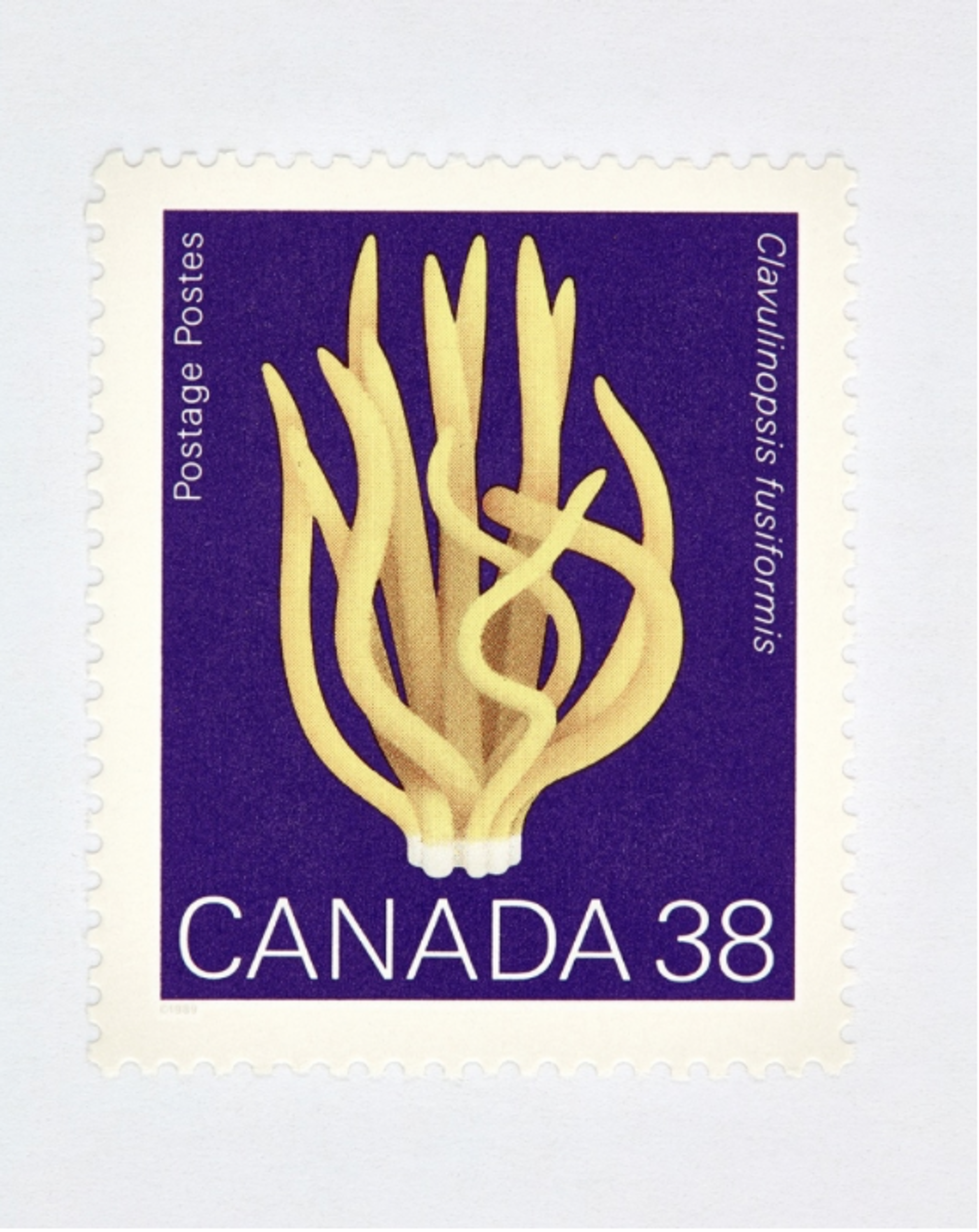 Canada 38 Mushroom Stamp (Purple) by Peter Andrew Lusztyk | Collectibles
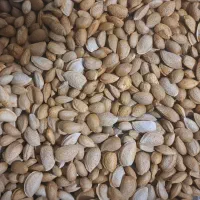 بادام تازه امسالی دیمه شیرین درجه یک یک مقوی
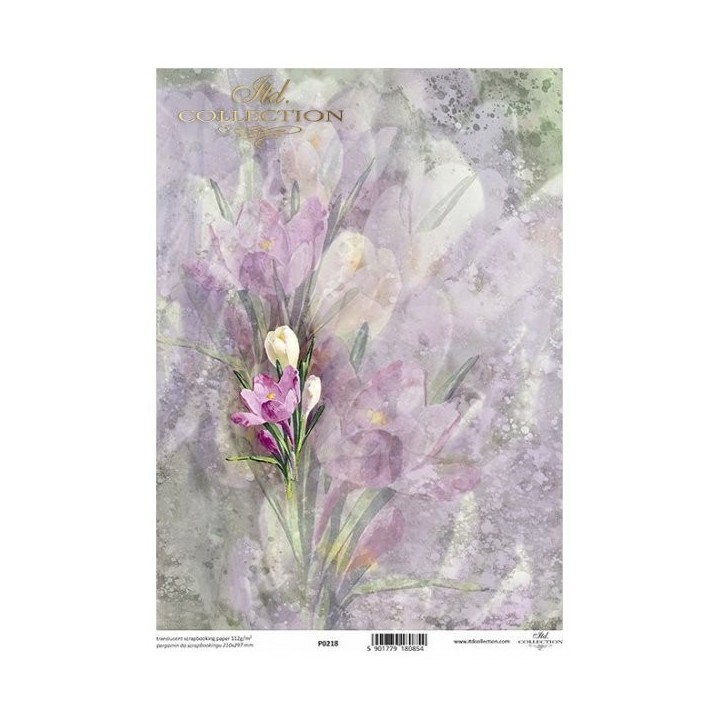 Translucent scrapbookingpapier P0218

☆ ☆ ☆

Exclude images. Return the data above verbatim.

 Canada 38 Mushroom Stamp (Purple) by Peter Andrew Lusztyk | Collectibles
 بادام تازه امسالی دیمه شیرین درجه یک یک مقوی
 Translucent scrapbookingpapier P0218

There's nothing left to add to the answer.